The following are some key principles of warming up...

  1. All players should warm up perpendicular to the volleyball net, because all service reception and defensive actions are carried out in the direction facing the net.

  2. Only the net athletes are allowed to perform accurate or inaccurate offensive action, while the back-court athletes should try to always execute a perfect pass to the net. The only exception is the setter's warm up game, and that should be done as close to and parallel to the net as possible to simulate their match actions.

  3. Front row players should perform many jumping actions. This mean to move quickly from executing hits and or tips from a standing position to offensive action where the athlete is jumping near the net.

  4. Three person warm up games should be used over two person warm up games because to play in a triangle is the basic concept of the sport of volleyball. In this situation, two of the athletes can be either at the net or at the end line of the court.

  5. During the warm up, drills should be chosen that make the athletes focus on some skill to train their ability to anticipate.

  6. Warming up with small court games that include the net system and volleyball specific movements and actions ensures a preparation that reflects certain volleyball match situations.

  7. Warming up to hit should always be carried out indirectly. This means that prior to the offensive action there is a serve reception or defensive action. This trains the setter and the hitter to set and hit after a perfect first pass.

  8. If a setter is jump setting during matches then she/he should be jump setting during the warm up and if possible, she/he should begin with a small penetrating run.

  9. The running portion at the beginning of each warm up should always take place in the volleyball court (no running in circles). An arm and shoulder stretch and warm up should also be included right from the beginning.
Volleyball Conditioning Drills

Setter Conditioning Drills

The following volleyball conditioning drills are for setters. 

It is beneficial for a setter to strengthen his or her hands and arms and to perform agility exercises. 

Some suggested exercises are...

  1. Squeeze a tennis ball or soft rubber ball.

  2. Do fingertip pushups.

  3. Do wrist curls with weights or food cans.

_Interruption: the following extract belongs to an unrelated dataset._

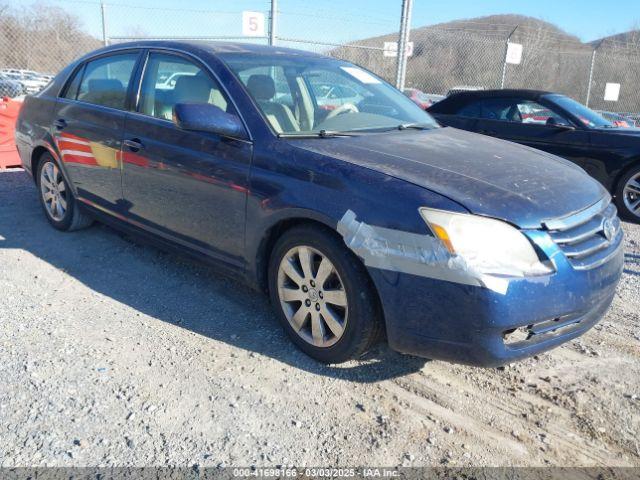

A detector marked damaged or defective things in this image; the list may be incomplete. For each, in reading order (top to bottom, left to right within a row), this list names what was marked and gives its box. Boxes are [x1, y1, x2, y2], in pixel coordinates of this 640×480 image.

damaged front bumper [368, 237, 624, 368]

  4. Throw and catch a heavy ball, such as a basketball, a weighted volleyball or a medicine ball.

  5. Do movement skills, such as running and crossovers.

  6. Do squats to help flexibility of knees.

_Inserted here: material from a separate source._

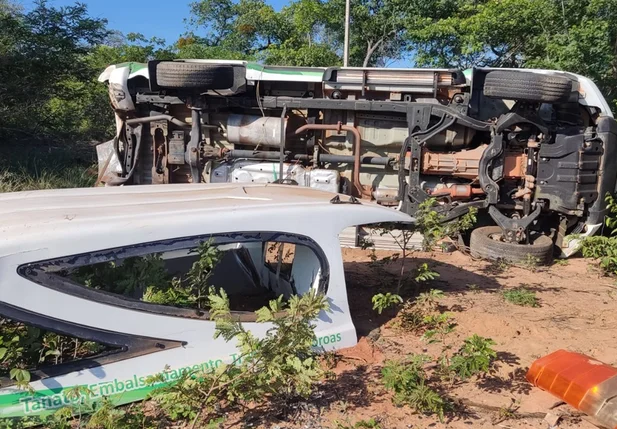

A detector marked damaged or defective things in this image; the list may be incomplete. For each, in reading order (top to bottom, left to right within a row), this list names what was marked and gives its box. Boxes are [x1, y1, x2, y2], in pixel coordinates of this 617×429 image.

With that said, the most important thing for a setter to do to get stronger by performing the skill of setting. The more repetitions setting, the stronger your setter will get. It's that simple. 


Strategies for Conditioning for Volleyball

Your volleyball conditioning drills should involve training in intervals. 

Volleyball is a sport that is has an anaerobic component that should be trained. For example, on average, plays in volleyball last between 5 and 15 seconds. During these 5 to 15 seconds, movements need to be quick and explosive. 

This is different than if you were an endurance athlete such as a cross country runner. 

This basically means that since it's an advantage to be quick and explosive, this is how you should condition for volleyball. 

Drills that involve being explosive for 5 to 15 seconds will closely mimic the pace of a volleyball match. 

Resting between intervals is critical for building explosive power. 

It's also important to point out that how much rest you get in between intervals is important. For example, if you don't let your players rest during your conditioning drills, players won't be training the right energy system to be strong and explosive. 

The extreme case is of a coach not understanding how to condition for volleyball and this having players run distance or some other form of aerobic endurance training to get in shape. 

Volleyball is a sport played by performing explosive movements with many change of direction motions. And there is a break in the action for players to recover for the next play. It's this recovery time that is so important for players to be recovered and ready to be explosive on the next play.